My Ex is from Santa Barbara, and her father still lived there while we were together. We'd go there every year at Christmas time. (Which was good, it got me out of Christmas, she's Jewish). Montecito is a neighboring town, really part of what you might call Greater Santa Barbara.
The area is - or was I should say - really paradisaical. The climate is said to be the most equable anywhere. Or again, it was. In late December it was balmy, with people playing beach volleyball and dining out of doors, rosy sunsets over the ocean and most years, little rain. (Every so often a stormy pattern would set up, but that didn't happen when I was there.) In the summer, it didn't get too hot because the ocean was cold due to the Humboldt current. The architecture is beautiful and the town is full of great things to do - excellent restaurants, museums and historical sites, a fabulous botanical garden, a bird sanctuary. The mountains loom behind and you could hike through spectacular scenery.

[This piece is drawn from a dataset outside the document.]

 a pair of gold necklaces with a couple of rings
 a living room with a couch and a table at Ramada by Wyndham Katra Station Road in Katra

In fact my girlfriend's father was president of the local Sierra Club and he had written a guide to local trails. We'd go hiking at least once every year and there were always fascinating discoveries -- an abandoned olive ranch, the monarch butterfly grove (the location is not publicized), other wonders.

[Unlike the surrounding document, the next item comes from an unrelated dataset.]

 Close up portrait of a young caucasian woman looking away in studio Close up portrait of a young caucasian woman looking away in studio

The city of Santa Barbara itself was threatened by a wildfire a few years ago, but it didn't make it down to the coast. This year, as you know, the largest wildfire in recorded California history roared through Santa Barbara County and destroyed a good part of it. It spared the city but did major damage in Montecito. And now
following a rainstorm that fell on the burned out mountainsides, more of the town has been destroyed by mudslides. The images are apocalyptic, almost impossible to take in. Hundreds of homes were destroyed and untold numbers of people are dead. The major coastal highway is closed and will be for many days. People are still trapped without food, water or utilities.
The climate there is no longer so equable. There have been bouts of extreme heat, alternating drought and storminess, howling wind. And that's why Montecito has slid toward the ocean. But of course this has nothing to do with human activity. Just ask a Republican.